Results: Our results show that it is possible to design robust classifiers to detect the TOO for metastatic samples on The Cancer Genome Atlas data set, with an accuracy of up to 97% (351/362), which may be used in situations of CUP. Our findings show that deep learning techniques enhance prediction accuracy. We progressed from an initial accuracy prediction of 62.5% (226/362) with decision trees to 93.2% (337/362) with logistic regression, finally achieving 97% (351/362) accuracy using deep learning on metastatic samples. On the Sequence Read Archive validation set, a lower accuracy of 41.2% (77/188) was achieved by the decision tree, while deep learning achieved a higher accuracy of 80.4% (151/188). Notably, our feature importance analysis showed the top 3 most important features for predicting TOO to be microRNA-10b, microRNA-205, and microRNA-196b, which aligns with previous work.
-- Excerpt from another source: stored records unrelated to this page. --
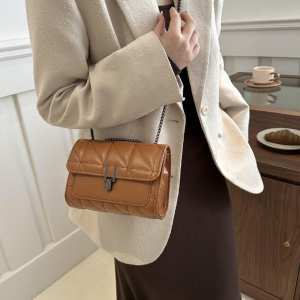 Кросбоді з клапаном на ланцюжку Lilly P4-6014C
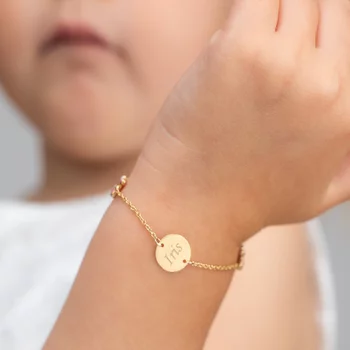 Chic Baby karkötő - Érme Karkötő állítható lánccal - Tűzzománcos pillangók - 9 K Arany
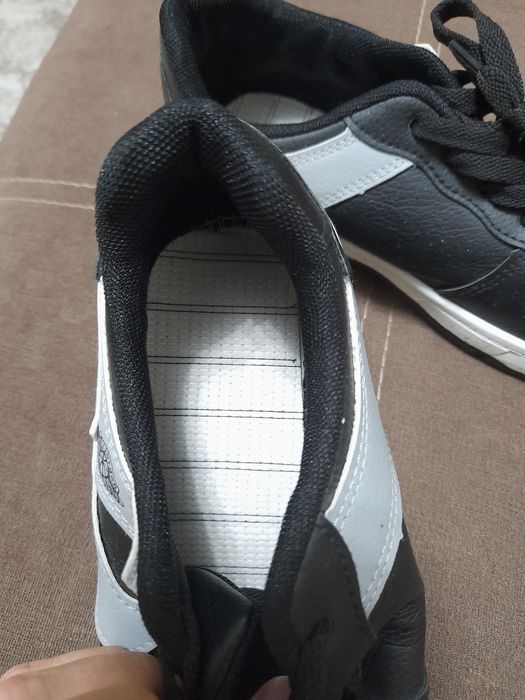 Продам кроссовки 40 р.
Conclusions: Our findings highlight the potential of using machine learning techniques to devise accurate tests for detecting TOO for CUP. Since microRNAs are carried throughout the body via extracellular vesicles secreted from cells, they may serve as key biomarkers for liquid biopsy due to their presence in blood plasma. Our work serves as a foundation toward developing blood-based cancer detection tests based on the presence of microRNA.